Я влюбленных ненавижу! Ненавижу той самой ненавистью, которая жгучая и едкая, и, вероятно, черная, ненавистью непроходящей и изъедающей.
Девочка в розовом халатике, бойся электричества, ибо я уже чую, как ты пишешь мне: «Это зависть». Прыщавый мальчик в драных джинсиках, «недотрах» — это твое астральное имя, поэтому оставь его при себе. Прочим любителям петтинга в метрополитене советую хлебнуть брома перед развитием мысли и направить свою энергию на поиск съемной хаты в Бибиреве.
Потому что мне есть что сказать.
Первый и самый, самый главный постулат, вызывающий у меня судороги, заключается в том, что влюбленных нужно принимать такими, какие есть, закрывая глаза на вытекающие последствия.
«Это Вася, у него рак мозга».
«Это Егор, ему полтора года, и он писается в гостиной».
«Это Петя, он влюблен в Машу. На лужу в гостиной не обижаться, мозг — как у Васи, рефлексы — как у Егора, когда все это кончится — черт-его-знает».

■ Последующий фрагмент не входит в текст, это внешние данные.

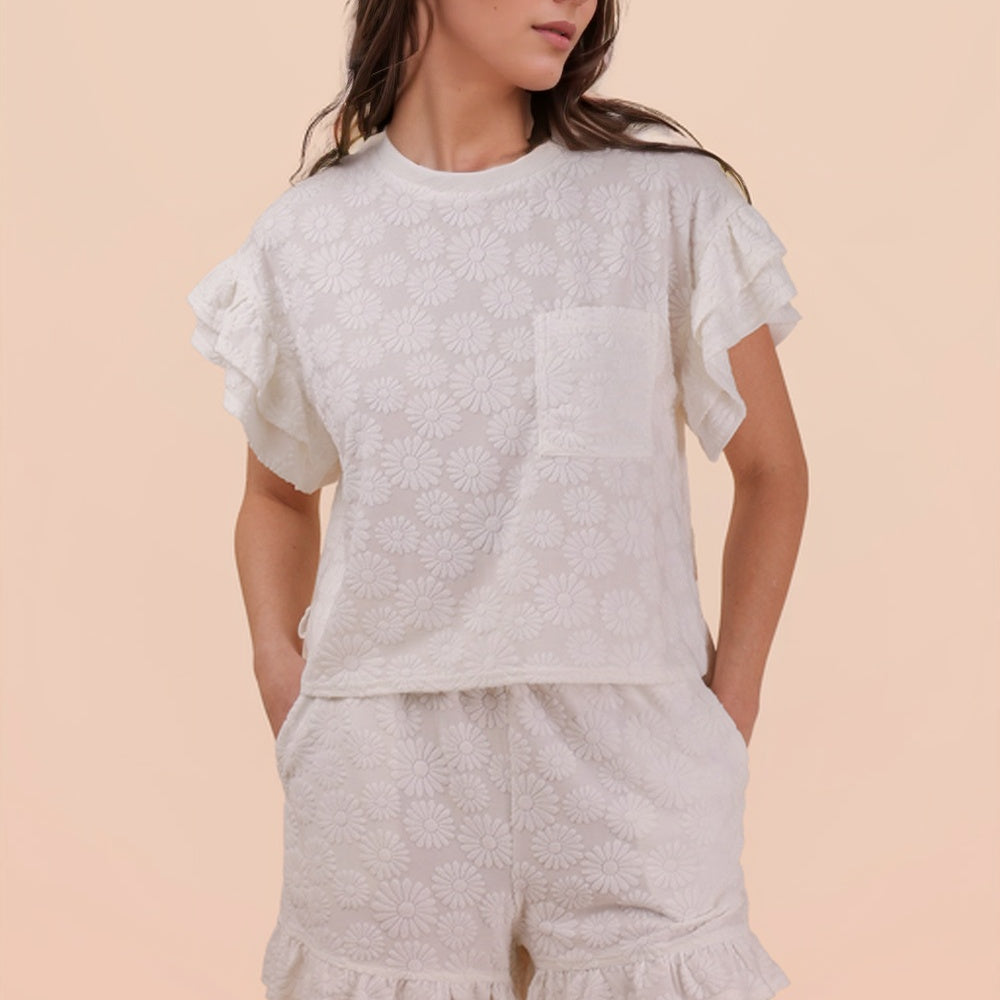 Floral Textured Ruffled Knit Top & Shorts Set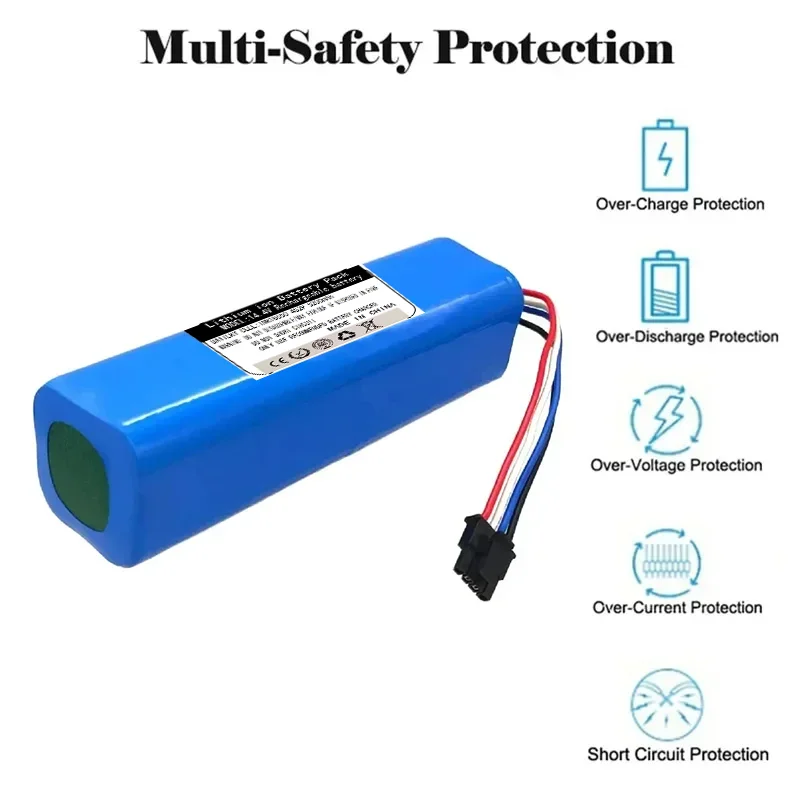 5200mAh 14.4V 4S2P for Dreame F9 D9 L10Pro PLUS S10pro S20 X10 X20 P2008 P2026 P2150 MMBK RLS6  RLS92CE Sweeping Robot Battery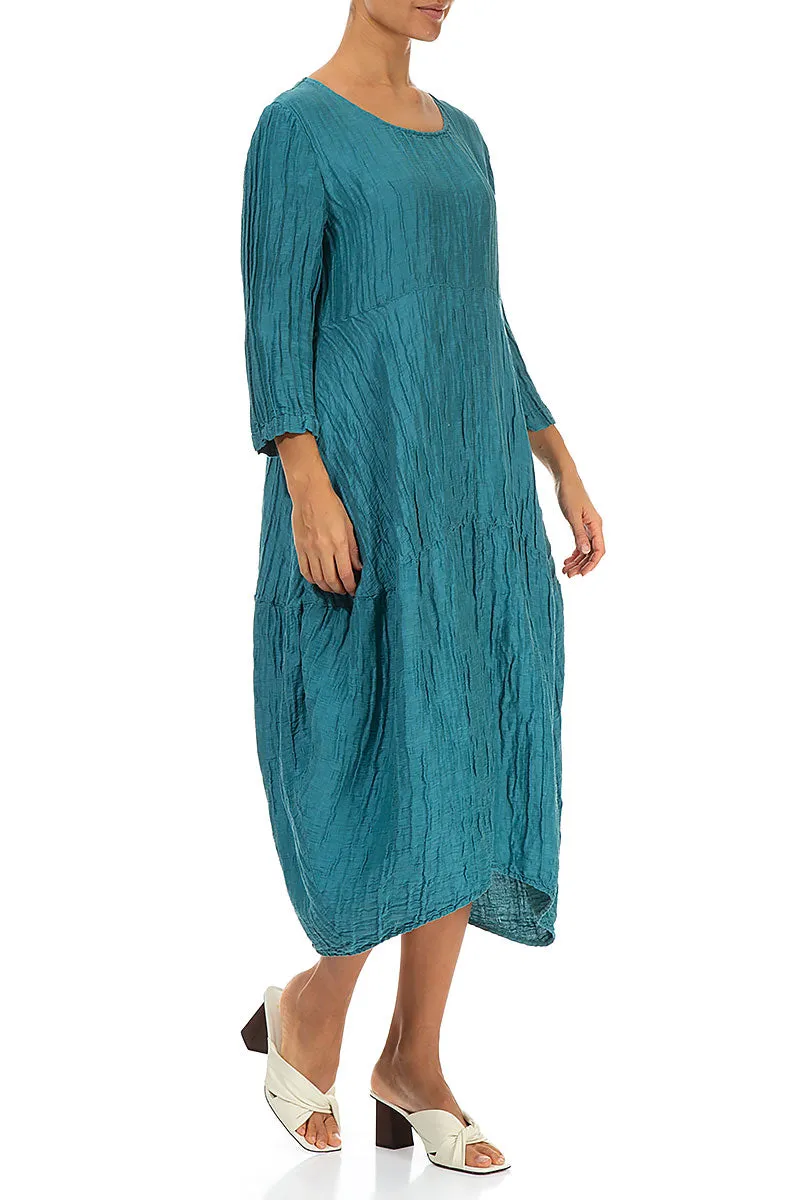 Balloon Crinkled Turquoise Silk Linen Dress Holiday Glow Still Soul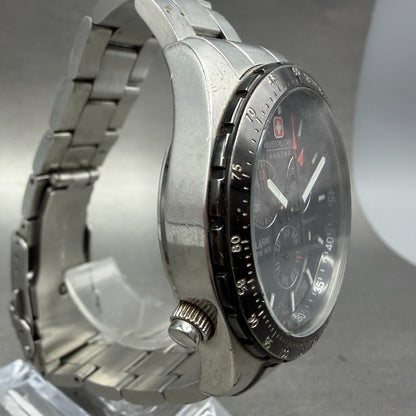 Swiss Military Chronograph Watch Men 40mm Black Dial Silver Alarm Daydate NewBat3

Понятия не имею, почему совершенно здоровые люди, на которых можно вспахивать поля и выкорчевывать перелески, вдруг обретают некий особый статус, позволяющий им выделываться сверх меры. Точнее, прекрасно понимаю. Знаете, почему?

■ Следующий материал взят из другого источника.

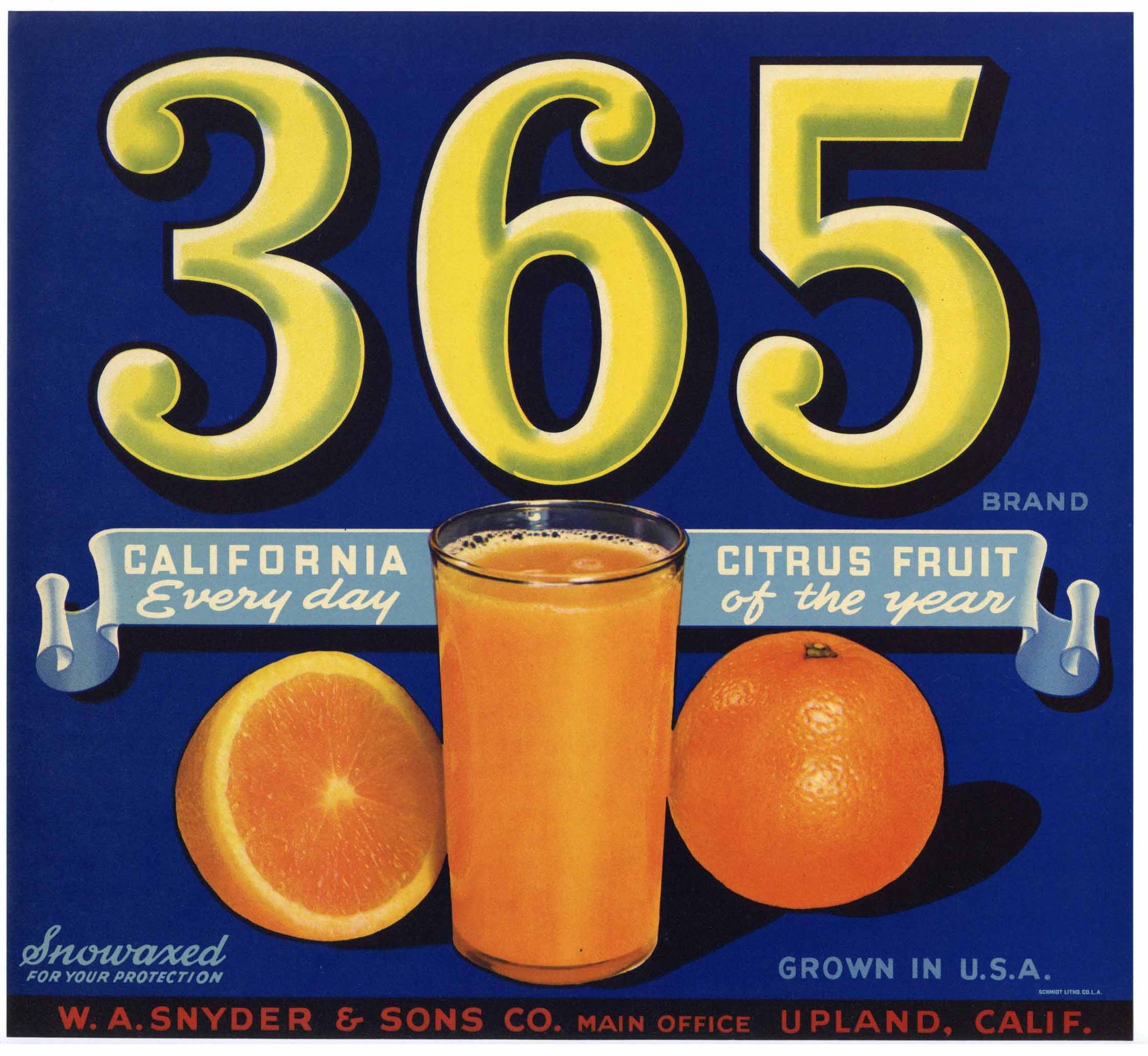 365 Brand Vintage Upland Orange Crate Label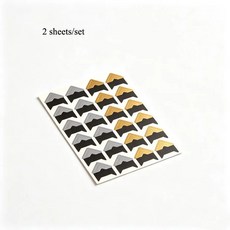금은색 코너 페이퍼 스크랩북 스티커 사진 앨범 보호 프레임 장식용, 1개, 1개, 2. Style 2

Потому что у влюбленных нет средних состояний. Все, что происходит в их жизни, непременно становится крайностью с приставкой «очень». Им или очень хорошо, или очень хреново, причем совершенно все равно, второе или первое, потому что выслушивать рассказ о том, какой Леша офигительный, так же тоскливо, как обсуждать Лешину козлиную сущность. Вот вам совет от Катечкиной: слушайте молча и советами не рассыпайтесь. Даже если сегодня Леша макнул ее башкой в унитаз и выставил голую на лестничную клетку, послезавтра они помирятся, а вы обретете статус врага народа, змеиным языком своим порушившего прекрасное. Ни в коем случае не ведитесь на это хитренькое «А что мне теперь делать?». Они отлично знают, как им поступить, а все вопросы — это просто поиск подходящей кандидатуры для последующего сваливания грехов.
Кстати, да. Им требуется шкандаль. Еще со времен Ромео и Джульетты любить «так себе, запросто» — это вовсе и не любить, а попусту тратить время. Настоящее чувство требует порванных задниц и разбитых пультов ДУ. Причем если шкандаля нет, то они ни фига не теряются и вполне способны затеять перформанс на ровном месте. Так, например, я прекрасно помню свою соседку Юлю О. и ейного бойфренда Витасика. Единственным человеком, интересовавшимся Юлией, помимо Витасика, был штудент жаркой африканской страны, приехавший в Москву на обучение и волею судьбы заселенный в соседнюю квартиру. Положа руку на сердце интерес был самый что ни на есть шкурный: штуденту периодически требовалась соль и прочая сыпучая бакалея, и никаких злонамерений юноша не имел. Девяностокилограммовая Юля вообще к злонамерениям не располагала, и я бы охотнее поверила в то, что африканец хочет ее сожрать, нежели грязно надругаться. Но Витасик был не таков. В те мучительные часы, когда любовь давала слабину, Витасик начинал терзать Юлию на предмет измены родине «с говорящей облезьяной». Невзирая на то что сама Юленька прекрасно знала, что даже говорящая облезьяна вряд ли позарится на ее необъятные телеса, такое положение дел ей льстило до чрезвычайности, а оттого на витасиковские предположения она отмалчивалась самым таинственным образом. Как водится, все закончилось печально. В один прекрасный вечер штудент понял, что африканские страсти супротив русских — полный фуфляк. Знание далось ему не самым легким образом, а именно — на третьем лестничном пролете, куда сын вождя долетел так стремительно, что даже не успел произнести свое неловкое «пиривьет». Впрочем, Юлия тоже сделала кое-какие выводы. На следующее утро я застала ее с участковым, составлявшим протокол о порче имущества: пульта ДУ и «стола обеденного, одна штука». Разфигачивший стол Витасик изучал углы обезьянника, а в редкие минуты просветления клял возлюбленную до седьмого колена. За этим самым делом мы его и застали в тот момент, когда Юлия решила забрать заявление. Ну да, чем громче лай, тем слаще последующий трах. Ну да Бог с ними. Главное, как я уже говорила, не лезть.